#### Source records:
▼

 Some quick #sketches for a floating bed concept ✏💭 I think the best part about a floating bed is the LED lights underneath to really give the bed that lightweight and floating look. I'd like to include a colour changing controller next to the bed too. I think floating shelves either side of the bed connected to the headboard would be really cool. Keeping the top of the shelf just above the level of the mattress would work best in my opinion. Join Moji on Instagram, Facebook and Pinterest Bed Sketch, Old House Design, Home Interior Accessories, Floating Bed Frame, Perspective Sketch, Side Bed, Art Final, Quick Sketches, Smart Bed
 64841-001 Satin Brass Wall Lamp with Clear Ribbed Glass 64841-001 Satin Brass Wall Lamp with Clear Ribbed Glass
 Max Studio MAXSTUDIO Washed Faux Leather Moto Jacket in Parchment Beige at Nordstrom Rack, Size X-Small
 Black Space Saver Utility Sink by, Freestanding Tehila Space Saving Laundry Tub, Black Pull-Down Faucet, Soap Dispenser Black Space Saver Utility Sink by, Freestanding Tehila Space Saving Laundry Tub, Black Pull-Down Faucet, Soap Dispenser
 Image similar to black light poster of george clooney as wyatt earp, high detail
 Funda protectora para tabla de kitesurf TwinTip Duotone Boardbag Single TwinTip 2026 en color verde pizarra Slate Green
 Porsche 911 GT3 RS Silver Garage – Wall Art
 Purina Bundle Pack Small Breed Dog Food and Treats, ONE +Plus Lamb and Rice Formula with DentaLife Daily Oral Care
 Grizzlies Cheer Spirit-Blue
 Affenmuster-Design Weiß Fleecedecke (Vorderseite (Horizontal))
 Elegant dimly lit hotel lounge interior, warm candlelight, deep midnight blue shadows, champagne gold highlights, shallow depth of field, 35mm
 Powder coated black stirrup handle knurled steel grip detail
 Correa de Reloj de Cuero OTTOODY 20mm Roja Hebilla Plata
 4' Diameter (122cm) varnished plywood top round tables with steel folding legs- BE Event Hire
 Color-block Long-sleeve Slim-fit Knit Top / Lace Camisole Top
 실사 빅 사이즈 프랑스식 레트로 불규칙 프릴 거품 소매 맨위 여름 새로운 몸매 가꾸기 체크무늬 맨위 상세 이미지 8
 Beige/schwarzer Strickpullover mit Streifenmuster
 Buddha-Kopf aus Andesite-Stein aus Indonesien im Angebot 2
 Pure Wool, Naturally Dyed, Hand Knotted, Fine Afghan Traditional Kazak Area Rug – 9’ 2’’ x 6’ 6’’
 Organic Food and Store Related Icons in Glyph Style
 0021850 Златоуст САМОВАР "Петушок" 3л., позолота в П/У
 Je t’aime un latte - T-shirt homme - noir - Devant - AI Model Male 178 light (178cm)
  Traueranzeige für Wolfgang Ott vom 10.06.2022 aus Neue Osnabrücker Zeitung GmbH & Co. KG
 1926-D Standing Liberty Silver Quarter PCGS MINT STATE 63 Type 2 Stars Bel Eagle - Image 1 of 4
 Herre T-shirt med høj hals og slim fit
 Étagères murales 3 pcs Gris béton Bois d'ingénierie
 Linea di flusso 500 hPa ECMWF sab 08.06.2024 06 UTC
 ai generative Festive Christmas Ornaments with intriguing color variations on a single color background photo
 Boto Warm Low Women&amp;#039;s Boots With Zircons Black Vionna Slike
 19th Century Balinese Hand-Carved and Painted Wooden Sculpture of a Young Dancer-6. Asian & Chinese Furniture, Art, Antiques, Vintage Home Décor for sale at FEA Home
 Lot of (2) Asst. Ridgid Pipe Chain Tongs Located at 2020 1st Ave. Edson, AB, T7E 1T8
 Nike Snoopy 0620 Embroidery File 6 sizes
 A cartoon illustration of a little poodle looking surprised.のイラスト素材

▲

#### TASK GOAL:
What you should do is return the records above exactly, leaving nothing out.

#### SOLUTION TO THE PROBLEM:
 Some quick #sketches for a floating bed concept ✏💭 I think the best part about a floating bed is the LED lights underneath to really give the bed that lightweight and floating look. I'd like to include a colour changing controller next to the bed too. I think floating shelves either side of the bed connected to the headboard would be really cool. Keeping the top of the shelf just above the level of the mattress would work best in my opinion. Join Moji on Instagram, Facebook and Pinterest Bed Sketch, Old House Design, Home Interior Accessories, Floating Bed Frame, Perspective Sketch, Side Bed, Art Final, Quick Sketches, Smart Bed
 64841-001 Satin Brass Wall Lamp with Clear Ribbed Glass 64841-001 Satin Brass Wall Lamp with Clear Ribbed Glass
 Max Studio MAXSTUDIO Washed Faux Leather Moto Jacket in Parchment Beige at Nordstrom Rack, Size X-Small
 Black Space Saver Utility Sink by, Freestanding Tehila Space Saving Laundry Tub, Black Pull-Down Faucet, Soap Dispenser Black Space Saver Utility Sink by, Freestanding Tehila Space Saving Laundry Tub, Black Pull-Down Faucet, Soap Dispenser
 Image similar to black light poster of george clooney as wyatt earp, high detail
 Funda protectora para tabla de kitesurf TwinTip Duotone Boardbag Single TwinTip 2026 en color verde pizarra Slate Green
 Porsche 911 GT3 RS Silver Garage – Wall Art
 Purina Bundle Pack Small Breed Dog Food and Treats, ONE +Plus Lamb and Rice Formula with DentaLife Daily Oral Care
 Grizzlies Cheer Spirit-Blue
 Affenmuster-Design Weiß Fleecedecke (Vorderseite (Horizontal))
 Elegant dimly lit hotel lounge interior, warm candlelight, deep midnight blue shadows, champagne gold highlights, shallow depth of field, 35mm
 Powder coated black stirrup handle knurled steel grip detail
 Correa de Reloj de Cuero OTTOODY 20mm Roja Hebilla Plata
 4' Diameter (122cm) varnished plywood top round tables with steel folding legs- BE Event Hire
 Color-block Long-sleeve Slim-fit Knit Top / Lace Camisole Top
 실사 빅 사이즈 프랑스식 레트로 불규칙 프릴 거품 소매 맨위 여름 새로운 몸매 가꾸기 체크무늬 맨위 상세 이미지 8
 Beige/schwarzer Strickpullover mit Streifenmuster
 Buddha-Kopf aus Andesite-Stein aus Indonesien im Angebot 2
 Pure Wool, Naturally Dyed, Hand Knotted, Fine Afghan Traditional Kazak Area Rug – 9’ 2’’ x 6’ 6’’
 Organic Food and Store Related Icons in Glyph Style
 0021850 Златоуст САМОВАР "Петушок" 3л., позолота в П/У
 Je t’aime un latte - T-shirt homme - noir - Devant - AI Model Male 178 light (178cm)
  Traueranzeige für Wolfgang Ott vom 10.06.2022 aus Neue Osnabrücker Zeitung GmbH & Co. KG
 1926-D Standing Liberty Silver Quarter PCGS MINT STATE 63 Type 2 Stars Bel Eagle - Image 1 of 4
 Herre T-shirt med høj hals og slim fit
 Étagères murales 3 pcs Gris béton Bois d'ingénierie
 Linea di flusso 500 hPa ECMWF sab 08.06.2024 06 UTC
 ai generative Festive Christmas Ornaments with intriguing color variations on a single color background photo
 Boto Warm Low Women&amp;#039;s Boots With Zircons Black Vionna Slike
 19th Century Balinese Hand-Carved and Painted Wooden Sculpture of a Young Dancer-6. Asian & Chinese Furniture, Art, Antiques, Vintage Home Décor for sale at FEA Home
 Lot of (2) Asst. Ridgid Pipe Chain Tongs Located at 2020 1st Ave. Edson, AB, T7E 1T8
 Nike Snoopy 0620 Embroidery File 6 sizes
 A cartoon illustration of a little poodle looking surprised.のイラスト素材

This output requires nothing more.